Scraped caption text data:
----
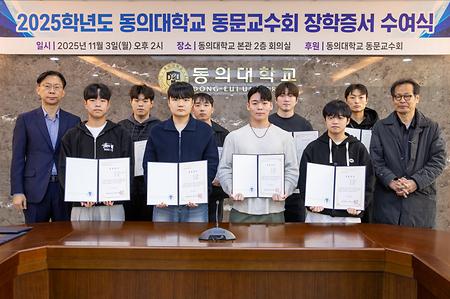 2025년 동문교수회 장학증서 수여식 4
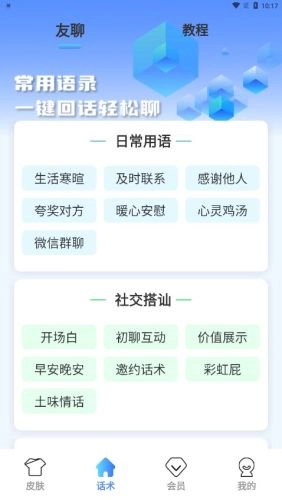 心语输入法手机免费版图4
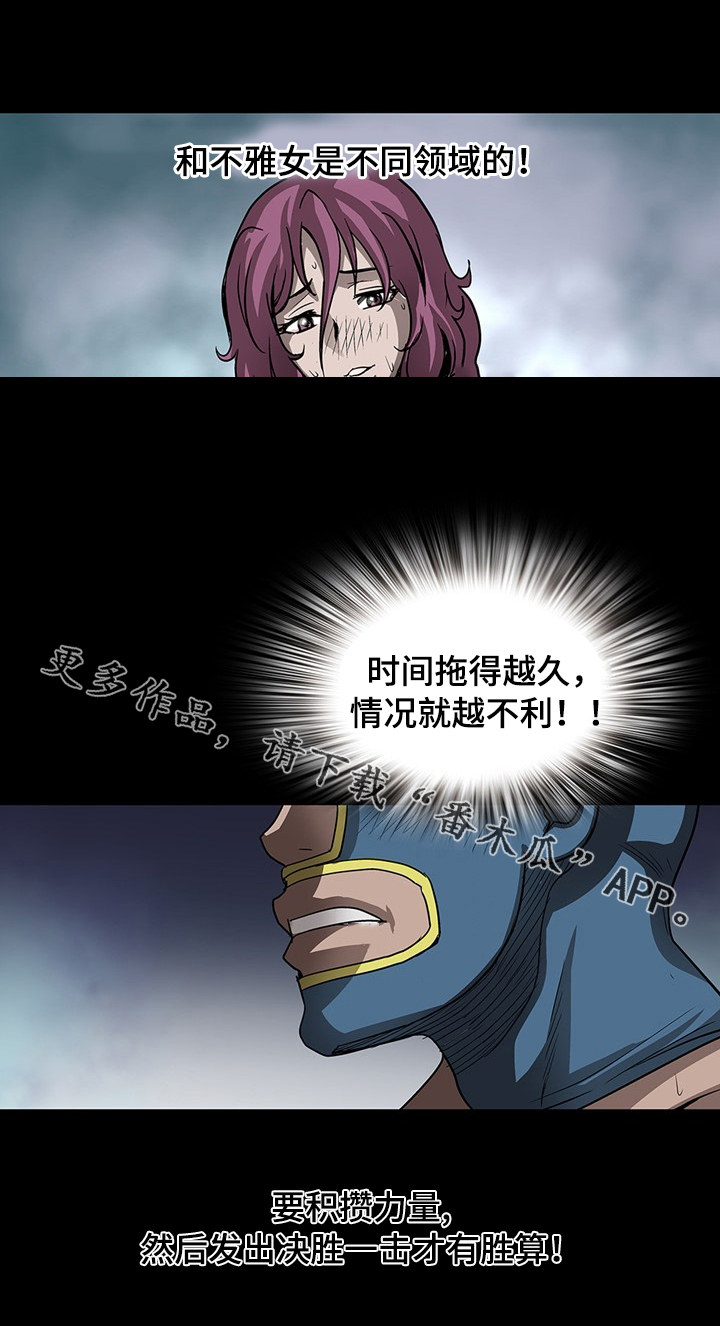 第47章：关键时刻10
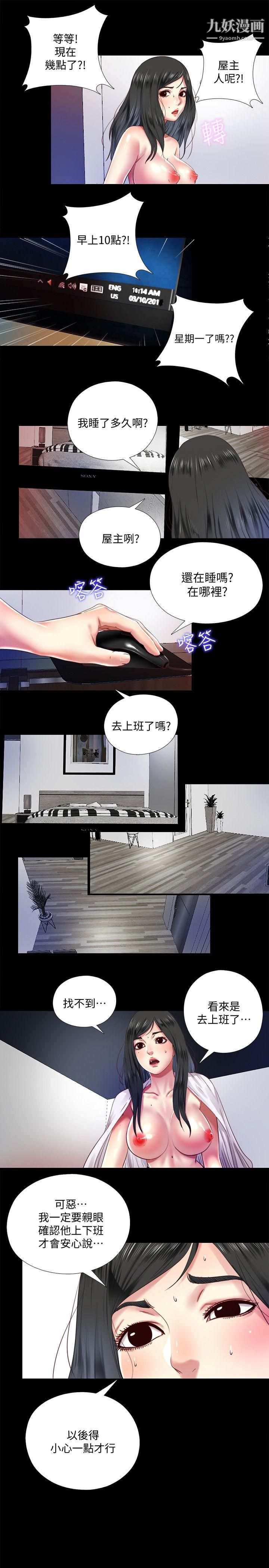 同居捉迷藏第8话-骑到妮佳身上的柏正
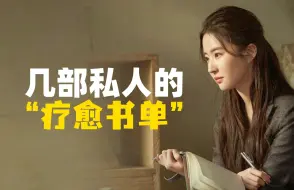 我们需要有野蛮的生命力，不顾一切张牙舞爪的生活丨2024年终策划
----
HOW TO COMPLETE THIS TASK: When you reach the line containing "心语输入法手机免费版图4" in the entries above, please retype it and each line after it through the last one, exactly, without the pictures.

RESULT OF THIS EXERCISE:
 心语输入法手机免费版图4
 第47章：关键时刻10
 同居捉迷藏第8话-骑到妮佳身上的柏正
 我们需要有野蛮的生命力，不顾一切张牙舞爪的生活丨2024年终策划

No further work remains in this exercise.